You’re listening, Al. What do you think?
AL FRANKEN, COMEDIAN: Oh, I think Bernie is wrong.
(LAUGHTER)
FRANKEN: Look at 2000. And I think this is, whether he says it’s about politics or not, when you hear Rush Limbaugh talk about it, when you hear people on the Fox News Channel talk about it, they say it’s about politics.
And let me use an example from 2000. During the debates, during the first debate, Al Gore said that he had gone down to Texas to go to a disaster site with James Lee Witt, the head of FEMA. It turned out he hadn’t. He had gone to 17 disasters with James Lee Witt, not that one. He went with the deputy of Witt. The press jumped all over him. It was as if James Lee Witt were the most popular man in America and Al Gore was lying to get some of that James Lee Witt magic to rub off on him.
The next debate-and this is relevant today, by the way-George W. Bush says-and this is a quote-”By far, the vast majority of my tax cut goes to those at the bottom.” “By far, the vast majority of my tax cut goes to those at the bottom.” Nothing. We heard nothing from the press on that. The Gore people tried to get press to write about it. They wouldn’t.
And is it because there’s a conservative bias in the media? I don’t think so. I think the attitude in the media about Bush then was, he doesn’t know. Leave the man alone. He doesn’t know. Leave him alone.
(LAUGHTER)
DONAHUE: How would you respond to that, Bernie?
GOLDBERG: Well, I would respond with a question. Does that mean-does that mean that the media is out to give Republicans a free ride? Does anybody think the media is out the give Republicans a free ride?
(CROSSTALK)
DONAHUE: Well, does making fun of a flat tax mean that the media is liberal? I mean, you built your whole argument on a few isolated incidents.

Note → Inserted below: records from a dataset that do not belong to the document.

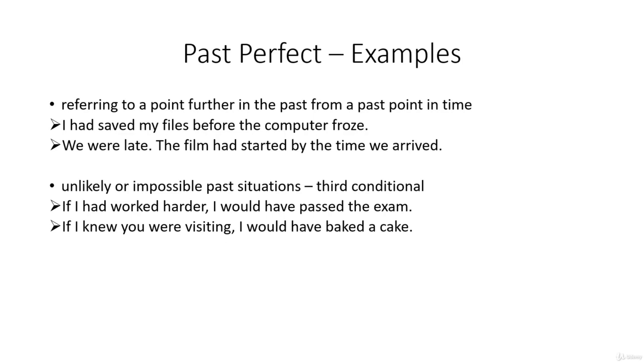If I knew you were visiting, I would have baked a cake. Well, there isn't a cake here because I didn't know you were visiting.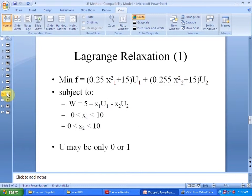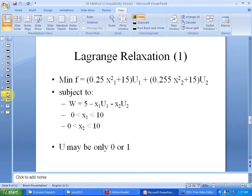A general Lagrangian relaxation problem will be of the form: minimize a function F, where F equals something into U1 plus something into U2. We have constraints — for example, W equals 5 minus X1 times U1, which is an equality constraint — and we do have inequality constraints: X1 between 0 to 10, X2 between 0 to 10. The variables U may take only two values, either 0 or 1, for our problem.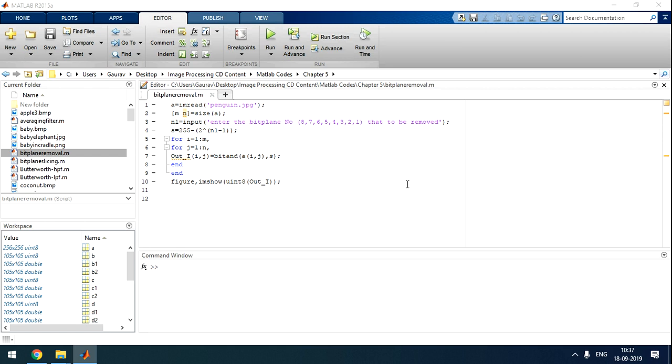This video is on bit plane removal from images. Suppose we have an 8-bit image - 1, 2, 3, 4, 5, 6, 7, and 8 bits - it will have 2^8 = 256 levels ranging from 0 to 255. 0 means darkest black and 255 means bright white.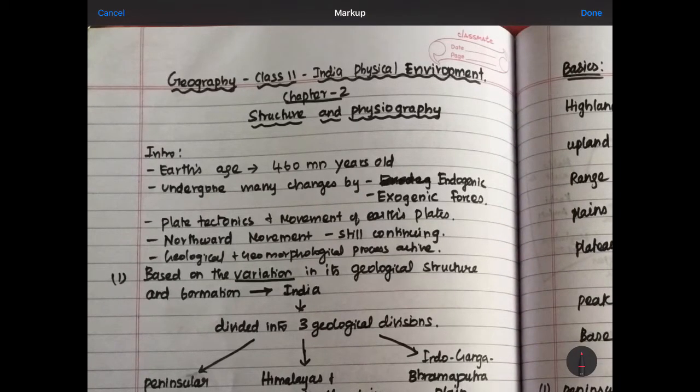Hello guys, welcome to First Step Future India. Now we are going to talk about Class 11 Geography, the Indian Physical Environment Book, Chapter 2. In this chapter, we are going to study a physical India map and see different types of structures. So how do we study the structure?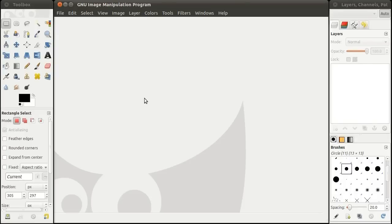Welcome to Gimp Basics. I am going to cover basic image editing with Gimp. I will be showing you how to scale an image.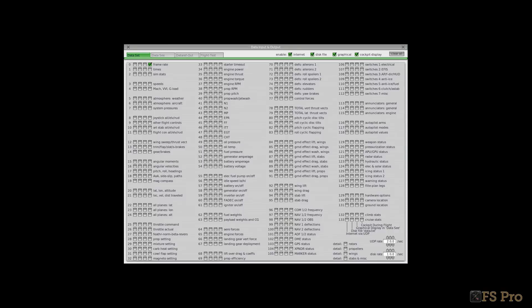With X-Plane running, select Settings, then Data Input and Output. In the resulting dialog, choose Frame Rate, which is the first option at the top left of the dialog window. Close the dialog by clicking the X — you'll now see the frame rate shown in the top left of your screen in X-Plane.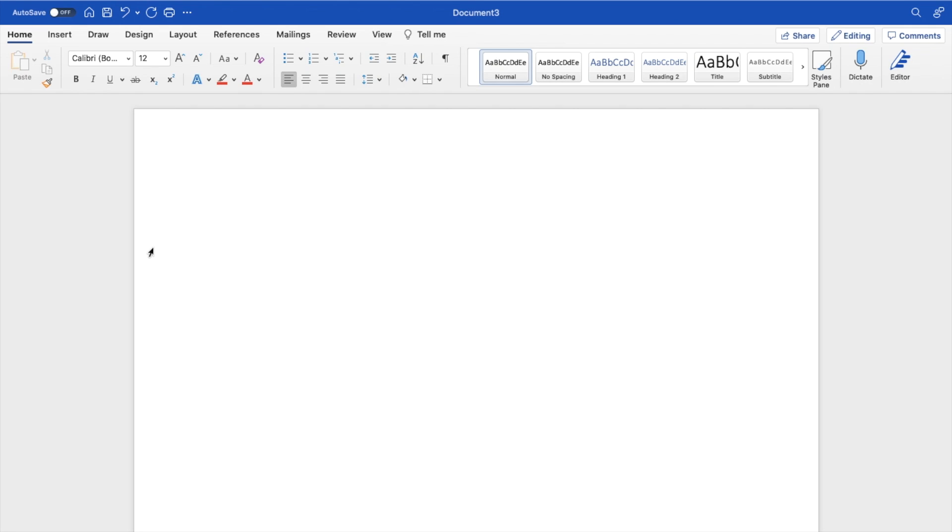Now, once that is done, since you want to add outline to text, I'm going to go ahead and type in the word outline just like this. I will then make it a little bit larger in size so it's easier for you guys to see.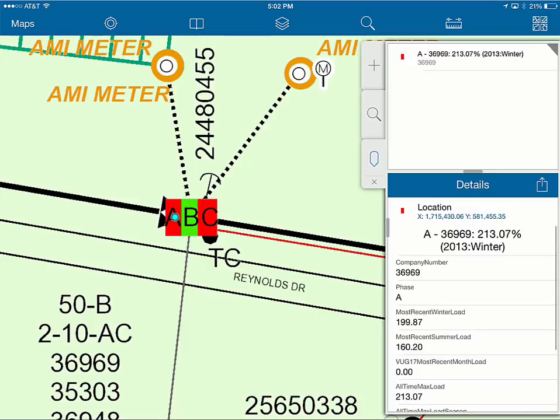The ability to get this detail out to field crews very easily — of course I searched on the area, but crews could also use GPS as they rolled up on scene — was really key to exposing this information. That's a quick demo of using the application. It's a targeted web application that can be put into the hands of any field user, who can locate themselves using GPS and then bring up the transformer loading information for those specific transformers.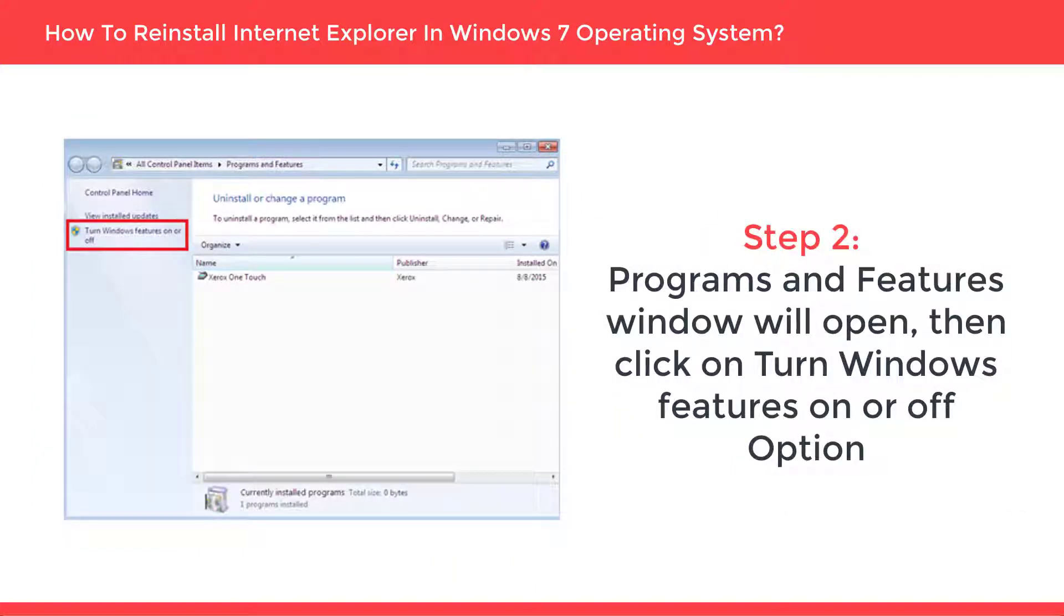Step 2: Programs and features window will open. Then click on Turn windows feature on or off option.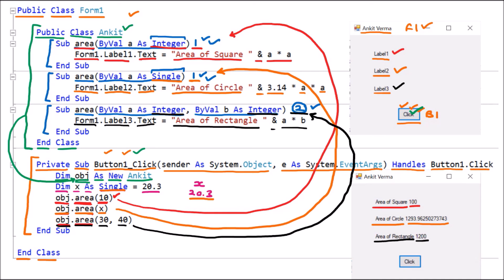This is how the three labels get changed. This is the example of method overloading, where procedures share the same name but satisfy the conditions: number one, different number of arguments; or number two, different type of arguments. That is all about method overloading.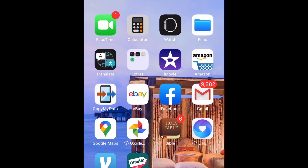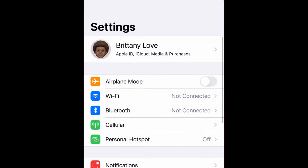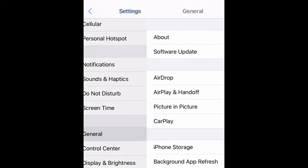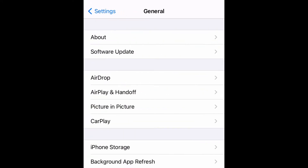What is up guys, Britech here back with another video. Today I'm going to be showing you how to stop picture-in-picture from automatically starting on your iPhone. This is going to be using iOS 14. Go ahead and go to your Settings, scroll down to General, and then select Picture-in-Picture.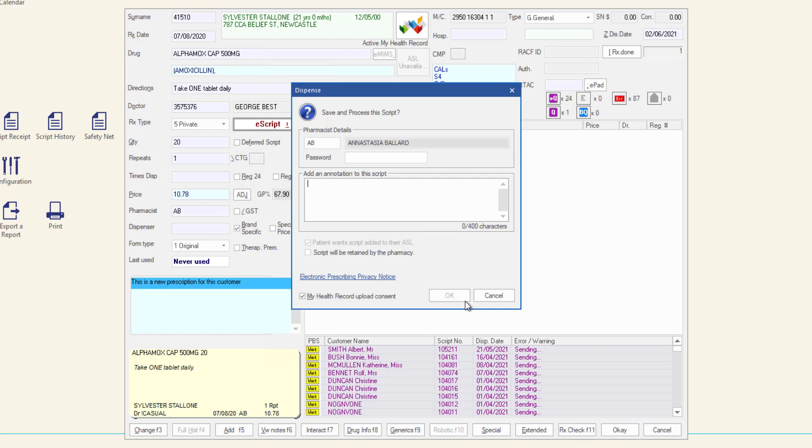The dispense label will print and the repeat token will be sent electronically to the patient or a copy of the token will print depending on which option was previously set up. The script options window will then be displayed.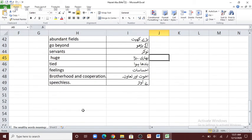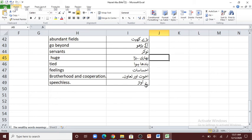'Huge' — bada. 'Tired' — bada hua. 'Feelings' — ehsasat. 'Brotherhood and cooperation' — akhwat aur taawun. 'Speechless' — be-awaz.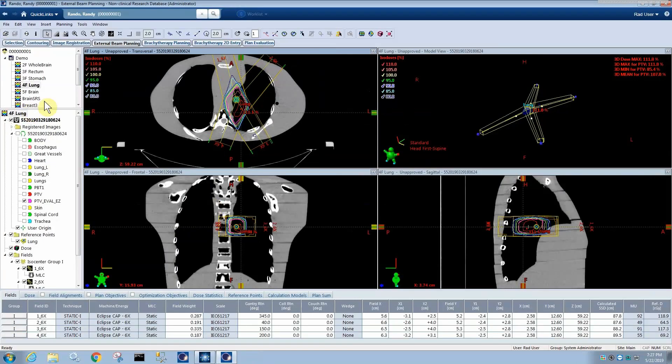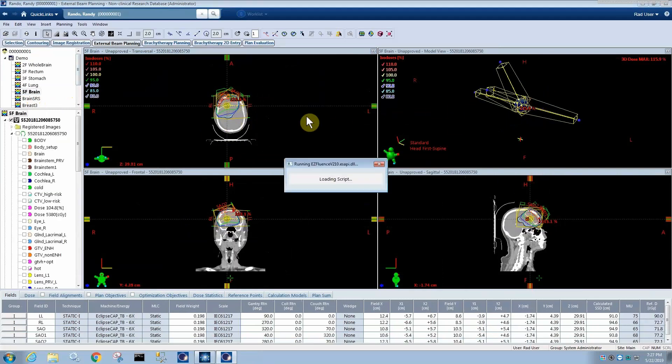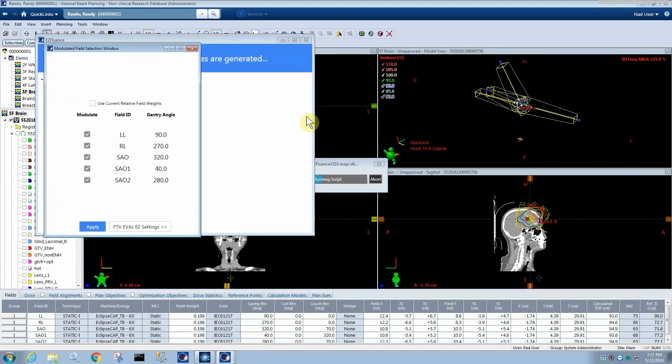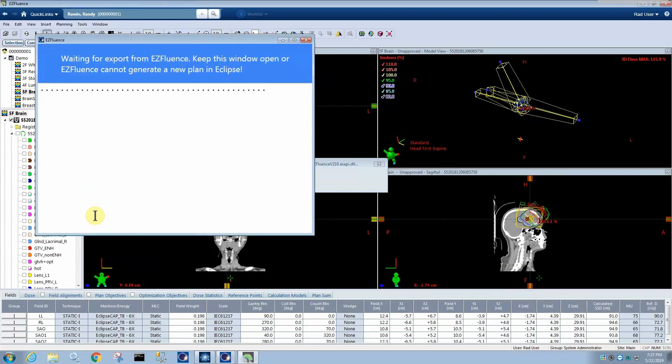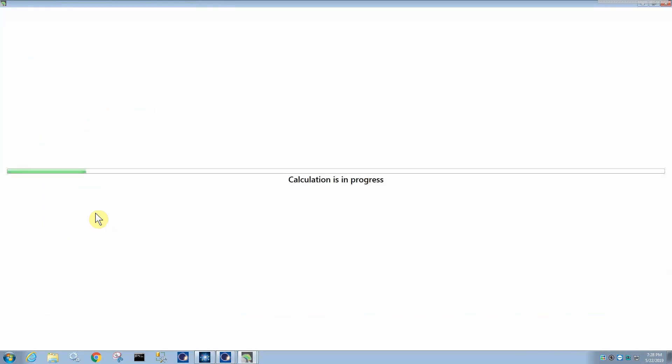So back here in Eclipse, one more thing I can show you, EasyFluence does work with any number of beam angles and couch kicks and so forth. So this is a five-field brain with couch kicks. So EasyFluence will, of course, prompt you like it did before if you want to use the current relative field weights or automatically select them. So I leave it unchecked to automatically select it. I'm going to have all fields modulated. You could decide to only modulate two or three and you'd probably get a really good plan because as long as they're ones that are good gantry angles to modulate from, then EasyFluence will use that modulation to fill in wherever the open fields weren't able to get coverage.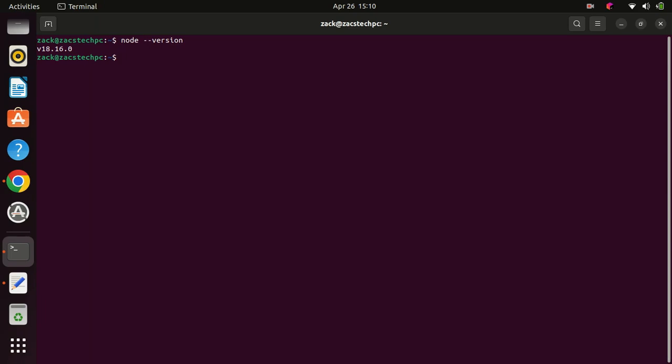Congratulations! You have successfully installed node.js on Ubuntu 22.04.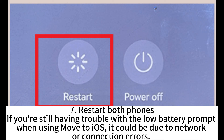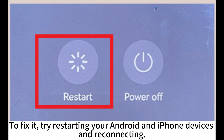If you're still having trouble with the low battery prompt when using Move to iOS, it could be due to network or connection errors. To fix it, try restarting your Android and iPhone devices and reconnecting.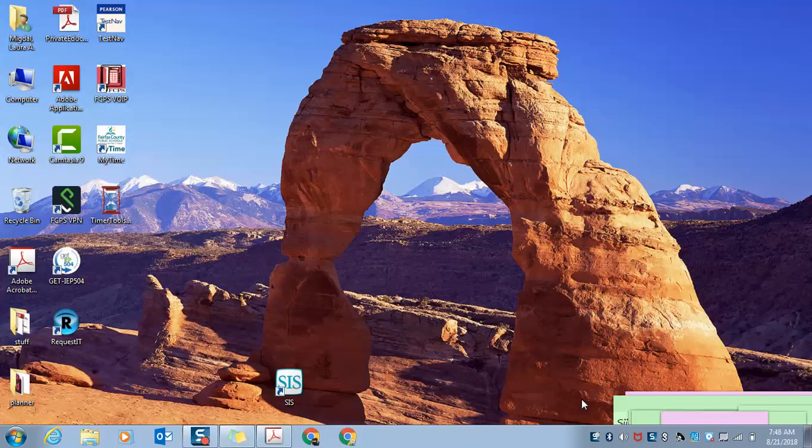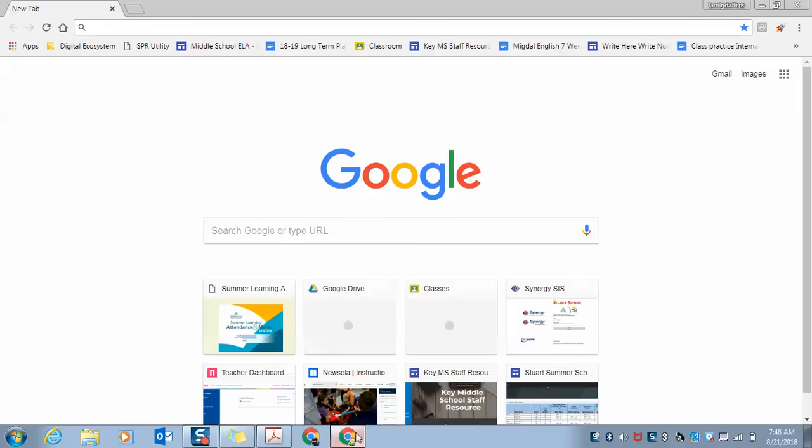Step three, log into Google Drive. We're going to open Chrome and come up here to the cube.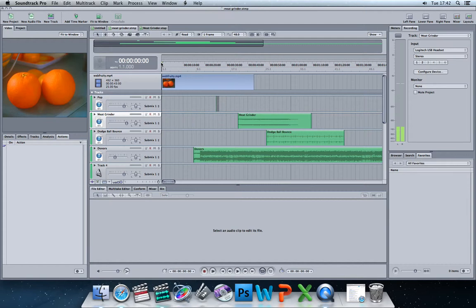Hello and welcome to this week's episode of Soundtrack for Beginners. In this week's episode we're going to look at how to edit a clip in the multi-track editor, so our timeline that we've got in front of us.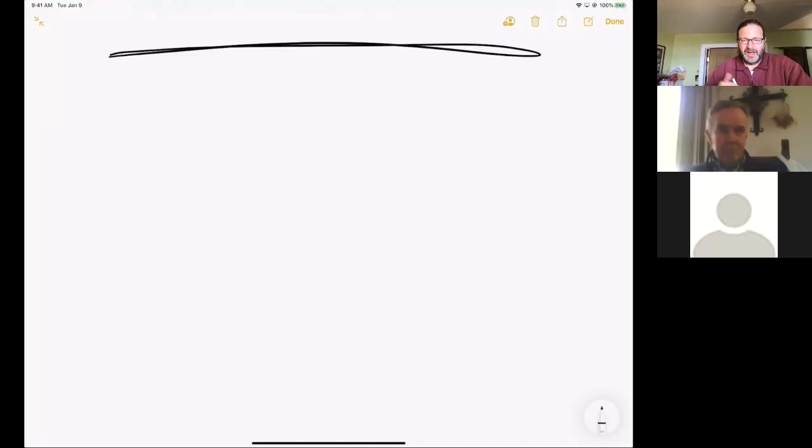But anyway, let's go ahead and screen share, and I'm screen sharing my iPad on which I can draw very easily.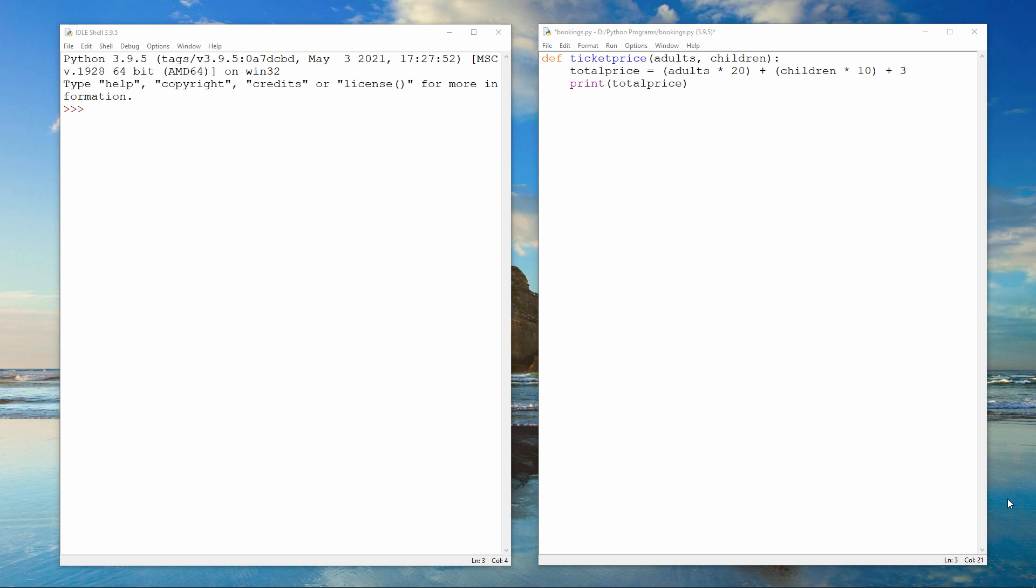Here's an example of a sub-procedure which calculates ticket prices. Suppose, for example, we want to book tickets for the theatre or the cinema for two adults and three children. Suppose also that an adult ticket costs £20 and a child ticket costs £10.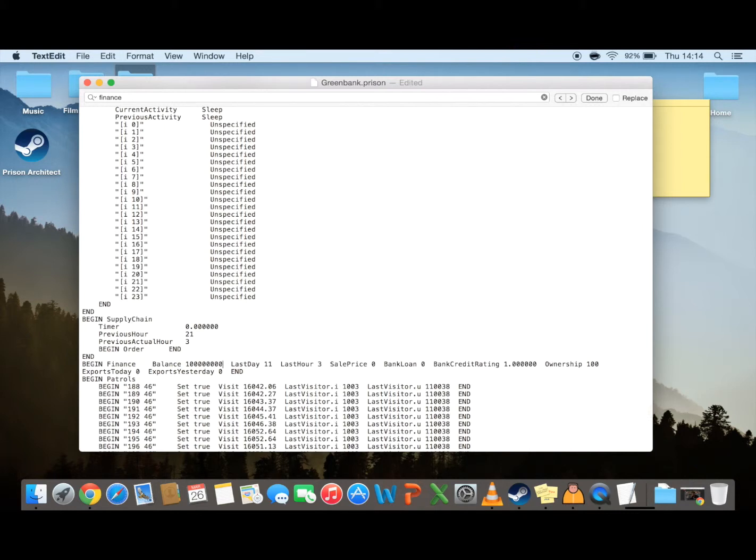You can type in more but at a certain point it starts to go into the negative, so you just have to be wary for that. I find eight is a good number to be around.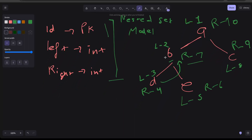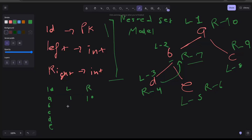Now let's see how the table looks. We have columns: id, left (L), and right (R). Using the node label as id: A has left=1, right=10. B has left=2, right=7. C has left=8, right=9. D has left=3, right=4. E has left=5, right=6.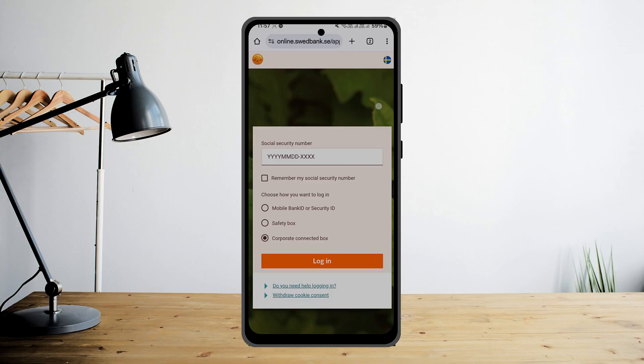If you haven't yet registered, you can register as well. Also, if you want to log into the app, you can get the Sweatbank mobile banking app on your Play Store or App Store — simply search for it, install it, and access it easily.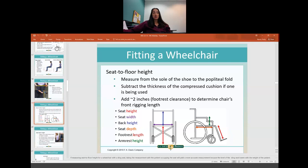If the patient is planning to use their foot to push the chair around — for example, with hemiplegia using the left arm and left foot — then you don't subtract those 2 inches, because you want their foot flat on the floor.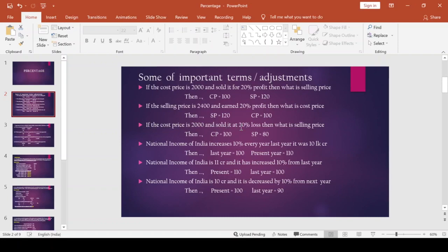Third adjustment: if cost price is 2000 and sold at 20% loss, what is the selling price? As usual we take cost price as 100. Selling price is 80 because 20% loss means 20 is deducted. So cost price is 100 and selling price is 80. Whenever there is a profit, selling price = cost price + profit. Whenever there is a loss, selling price = cost price − loss.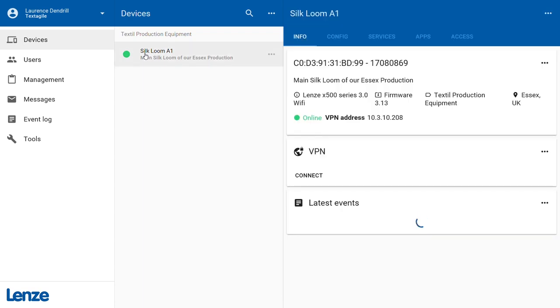You will now see the information of the selected machine on the right side. To connect to your machine using VPN, click on the Connect button in the VPN panel of the machine information.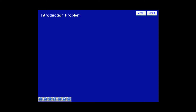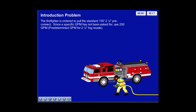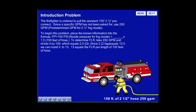The firefighter is ordered to pull the standard 150-foot, 2.5-inch pre-connect. Since a specific GPM has not been asked for, use 250 GPM, which is the predetermined GPM for a 2.5-inch fog nozzle. To begin this problem, place the known information into the formula.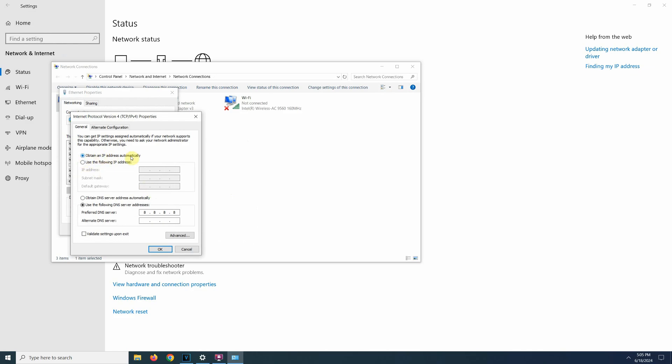As you can see here, the computer is set to obtain an IP address automatically. What we need to select is use the following IP address. Since we know the camera's IP address, we need to set the computer's IP address in the same range as the camera so we can access it through a web browser. So my camera's IP address is 192.168.1.64.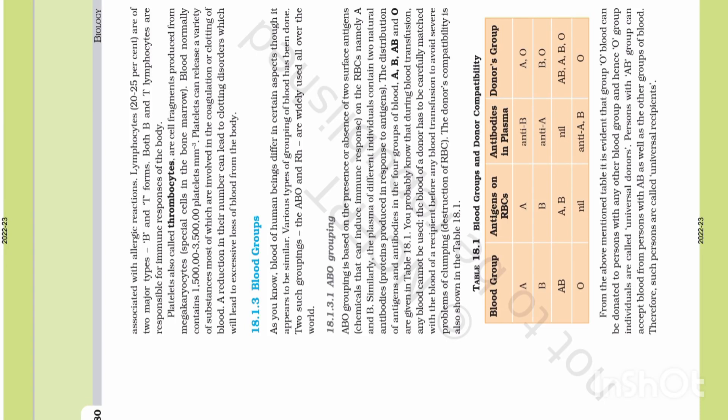Hello viewers, welcome to our channel Ramseetha. In this video, I will explain the body fluids and circulation chapter in part 2. So today's topic is blood groups. Let's begin.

GOLDBERG: Oh, no, I didn’t. No, I didn’t.
DONAHUE: And you’re totally ignoring the drumbeat of conservative voices in this country that has made it almost courageous...
FRANKEN: Can I get in here one more...
DONAHUE: ... to stand up and say, hey, maybe we want to talk more about this war. You really have squelched dissent with this power.
Go ahead, Al.
FRANKEN: Here’s the difference between the mainstream media and the 15 percent of the media that is Fox, that is “The Washington Times,” that is “The New York Post,” that’s Hannity, that’s Rush. They cheat. The mainstream media at least tries to be fair.
DONAHUE: Well, tell me about cheating.
FRANKEN: Makes an attempt at it.
DONAHUE: Tell me about cheating. You have to make your case here.
What do you mean cheat?
FRANKEN: Well, who do you want? Well, let’s talk about-let’s go to Bernie.
DONAHUE: Bernie.
FRANKEN: In your book, you cheat.
DONAHUE: How does he cheat?
FRANKEN: In your book.
You have chapter 12. I read your book on the plane. Chapter 12, “Liberal Hate Speech.” You cite 12 examples of liberal hate speech. One of them is a quote from John Chancellor on August 21, 1991, about the Soviet Union.
Do you know what happened that day in the Soviet Union, Bernie?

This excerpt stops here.